Une semaine après la rentrée des classes: La Cosydep note des couacs et invite l'État à l'action.

Une semaine après le démarrage de l’année scolaire 2020-2021 pour plus de 4 millions d’apprenantes et d’apprenants, la Cosydep se félicite d'abord des efforts qui ont permis la reprise des enseignements à plus de 95%, matérialisant ainsi la campagne Ubbi Tey Jàng Tey, qui se justifie plus que toute autre année en raison des effets de la COVID-19.


Cheikh Mbow et ses camarades rappellent l’impératif de garantir l’intégralité du quantum horaire en veillant rigoureusement aux trois moments clefs de l’année scolaire (Démarrage, Déroulement et Dénouement). La coalition attire l’attention sur la nécessité du respect des protocoles pédagogique et sanitaire tout en notant que, pour près de 1 million 500 mille enfants et jeunes, l’école n’a toujours pas démarré (Cf. Etudes 2016 – 2017 sur les Enfants Hors Ecole). Ceci est considéré comme une entrave au droit à l’éducation pour tous. 
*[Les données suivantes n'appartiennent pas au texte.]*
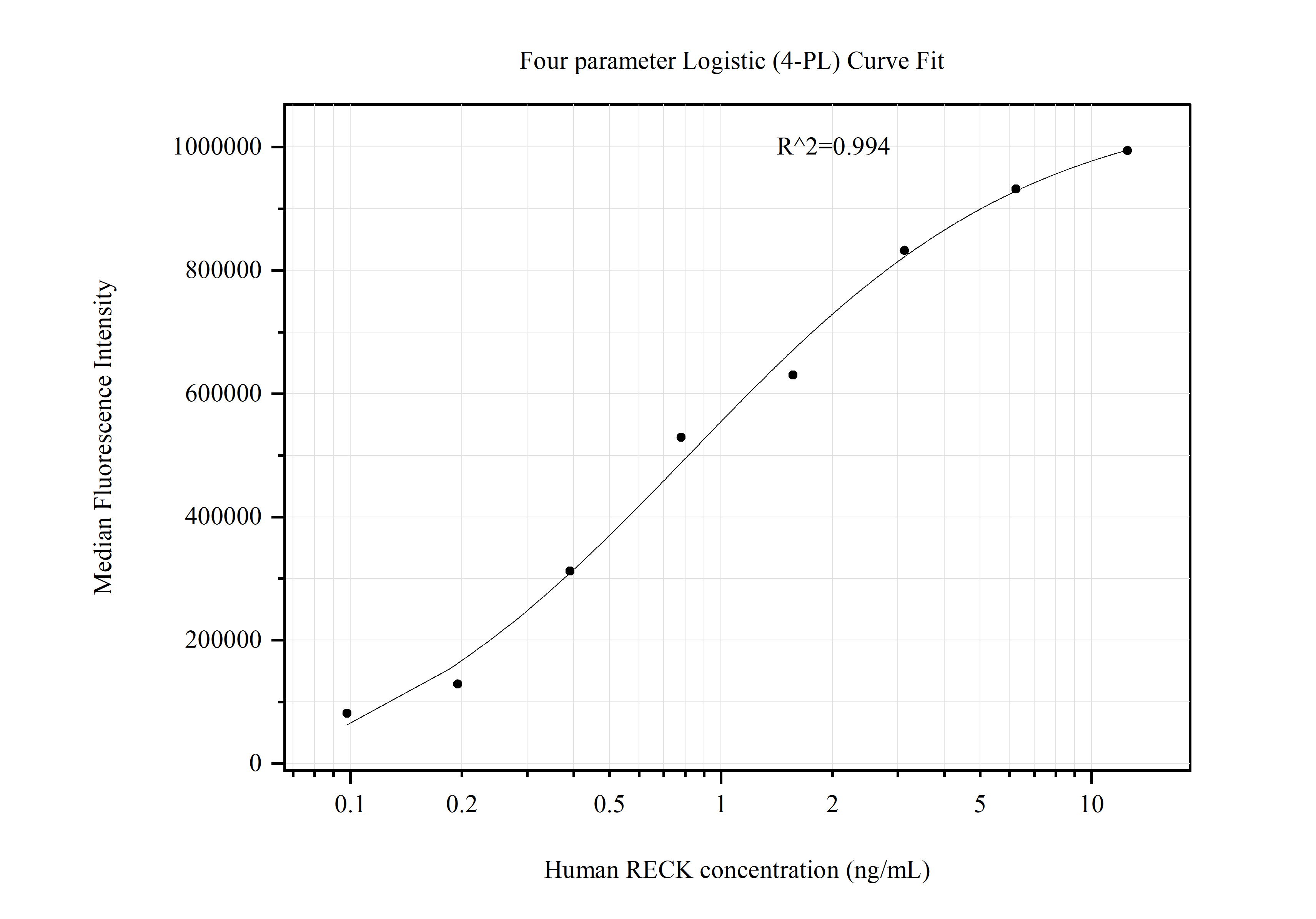 Cytometric bead array standard curve of MP51252-1, RECK Monoclonal Matched Antibody Pair, PBS Only. Capture antibody: 60843-1-PBS. Detection antibody: 60843-2-PBS. Standard:Ag26143. Range: 0.098-12.5 ng/mL.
Comme à l’accoutumée, la coalition des oraganisations en synergie pour la défense de l'éducation publique constate que la rentrée scolaire s’est passée avec son relent d’angoisse pour certains et d’espoir pour d’autres. En effet, les élèves ont repris le chemin de l’école dans un contexte particulier qui pose de nouveaux défis. "Si les autorités publiques notamment celles de l’éducation ont mis en place un cadre de dialogue qui a apporté quelques réponses aux attentes des acteurs, il reste encore d’autres besoins pressants à satisfaire",  aura remarqué la Cosydep.
Désormais, il faut compter avec la pandémie qui a mis en exergue les failles du système éducatif principalement caractérisé par un environnement scolaire loin des normes, des effectifs pléthoriques, un personnel insuffisant, des moyens techniques et technologiques limités.

Il faut rappeler qu'au cours des trois dernières années, le débat suscité par la rentrée s’est focalisé sur des aspects peu significatifs pour la grande majorité des populations : Groupe Scolaire Yavuz Selim (2018-2019), Institution Ste Jeanne D’Arc (2019-2020) et frais de scolarité dans l’enseignement privé (2020-2021). Ainsi, la Cosydep constate avec regret que la cristallisation du débat sur ces questions qui ne prend en compte que les intérêts d’une minorité ; 
 La Cosydep dénote un glissement qui interpelle tous les acteurs de l’éducation car focalisant l’attention sur des problématiques qui laissent en rade les besoins essentiels des franges les plus importantes de la société ;
Dans cette logique, la Cosydep dévoile les symptômes d’une société qui, de plus en plus, se soucie peu des vulnérables. 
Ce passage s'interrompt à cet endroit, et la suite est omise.